- Data segment -
=-=-=-=-=
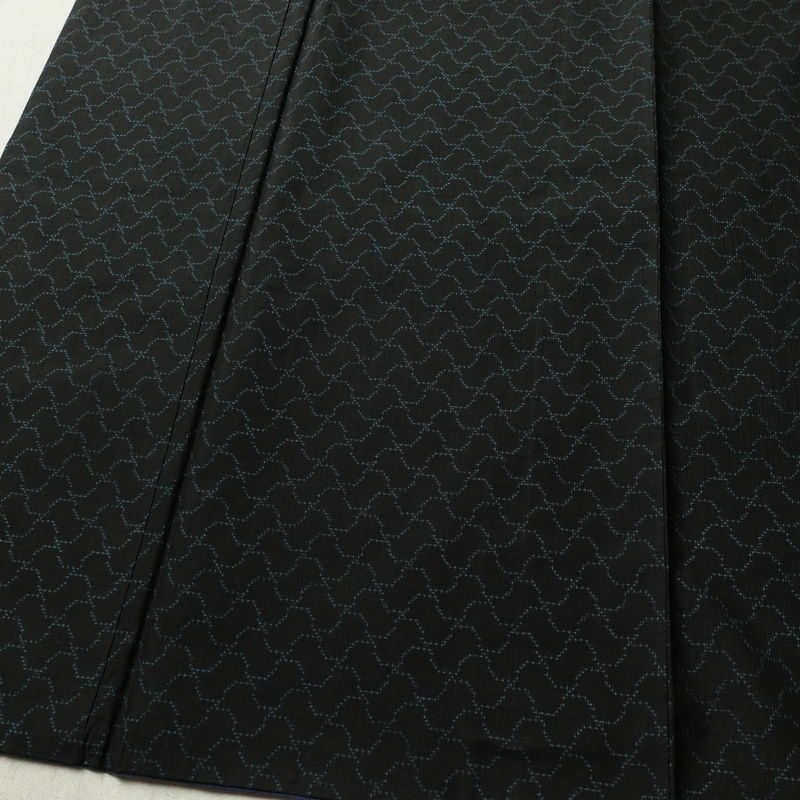 大島紬 古代染色 純泥染 証紙あり 正絹 古典柄 袷仕立て 身丈151cm 裄丈61.5cm リサイクル着物 着物 モダン 黒_画像4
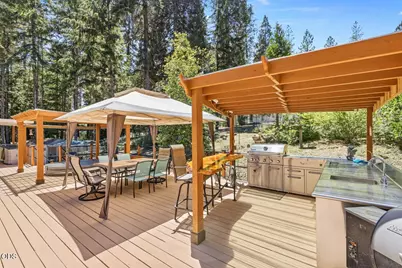 4300 Pleasant Creek Road, Rogue River, OR 97537 - Photo 4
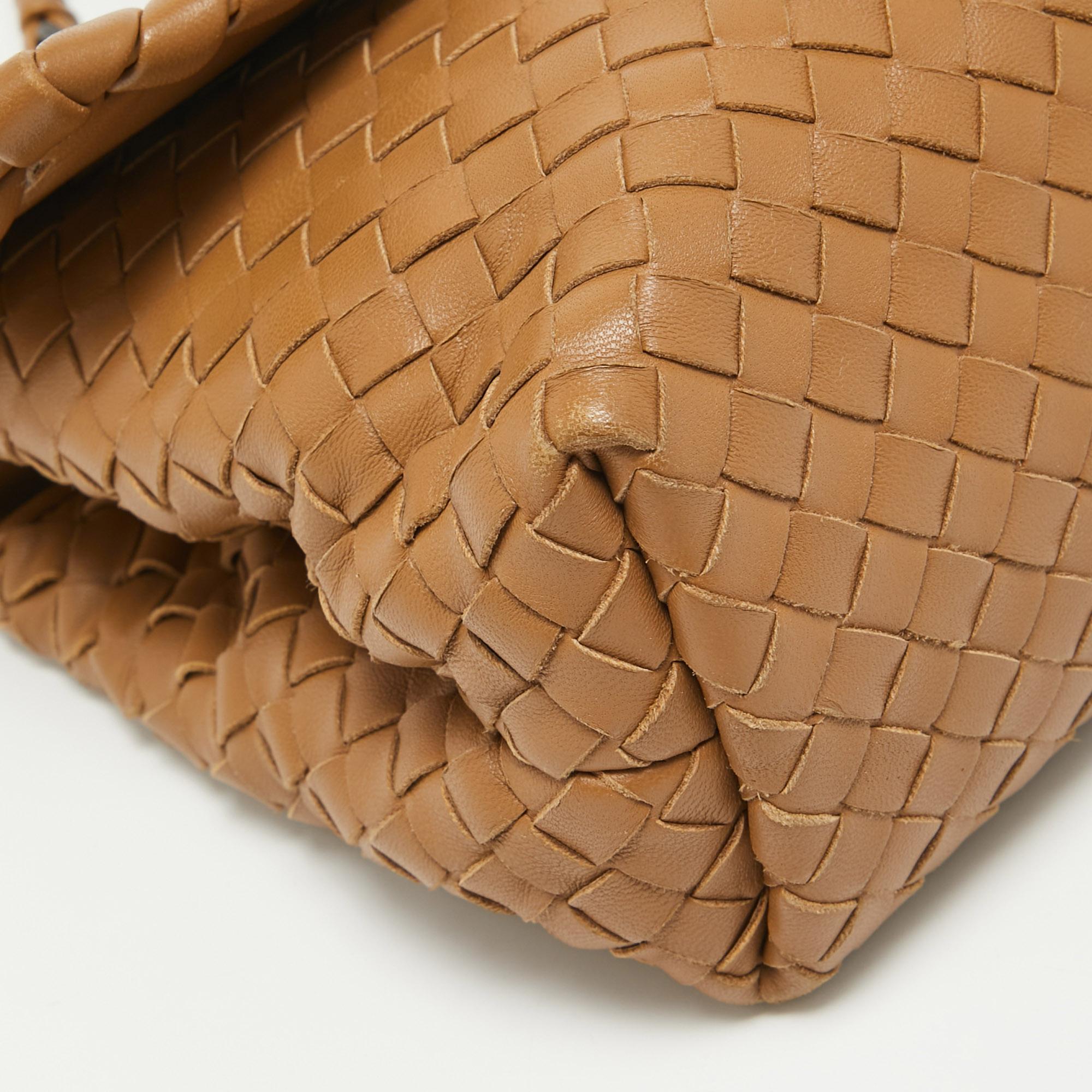 Bottega Veneta Brown Intrecciato Leather Olimpia Flap Shoulder Bag For Sale 4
=-=-=-=-=
- Work to be completed -
An exact repeat of the listing above, pictures excluded, is the answer.

- Answer below -
 大島紬 古代染色 純泥染 証紙あり 正絹 古典柄 袷仕立て 身丈151cm 裄丈61.5cm リサイクル着物 着物 モダン 黒_画像4
 4300 Pleasant Creek Road, Rogue River, OR 97537 - Photo 4
 Bottega Veneta Brown Intrecciato Leather Olimpia Flap Shoulder Bag For Sale 4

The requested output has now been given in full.